The QLBS Q-Learner Goes NuQLear: Fitted Q Iteration, Inverse RL, and Option Portfolios
This work addresses the volatility smile problem in finance for quantitative traders and researchers, offering incremental improvements to existing reinforcement learning approaches.
The paper tackles option pricing and hedging by extending the QLBS model with Fitted Q Iteration, Inverse Reinforcement Learning, and portfolio applications, benchmarking these methods against dynamic programming and the Black-Scholes model to provide data-driven solutions.

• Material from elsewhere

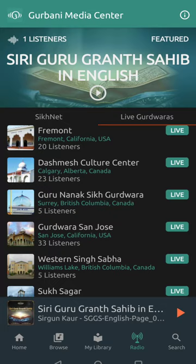I highly recommend you check out Gurbani Media Center on the Google Play Store or the Apple App Store and discover new Katha, Kirtan and Gurbani Media. Vaheguru Ji Ka Khalsa, Vaheguru Ji Ki Fateh. Thank you.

The QLBS model is a discrete-time option hedging and pricing model that is based on Dynamic Programming (DP) and Reinforcement Learning (RL). It combines the famous Q-Learning method for RL with the Black-Scholes (-Merton) model's idea of reducing the problem of option pricing and hedging to the problem of optimal rebalancing of a dynamic replicating portfolio for the option, which is made of a stock and cash. Here we expand on several NuQLear (Numerical Q-Learning) topics with the QLBS model. First, we investigate the performance of Fitted Q Iteration for a RL (data-driven) solution to the model, and benchmark it versus a DP (model-based) solution, as well as versus the BSM model. Second, we develop an Inverse Reinforcement Learning (IRL) setting for the model, where we only observe prices and actions (re-hedges) taken by a trader, but not rewards. Third, we outline how the QLBS model can be used for pricing portfolios of options, rather than a single option in isolation, thus providing its own, data-driven and model independent solution to the (in)famous volatility smile problem of the Black-Scholes model.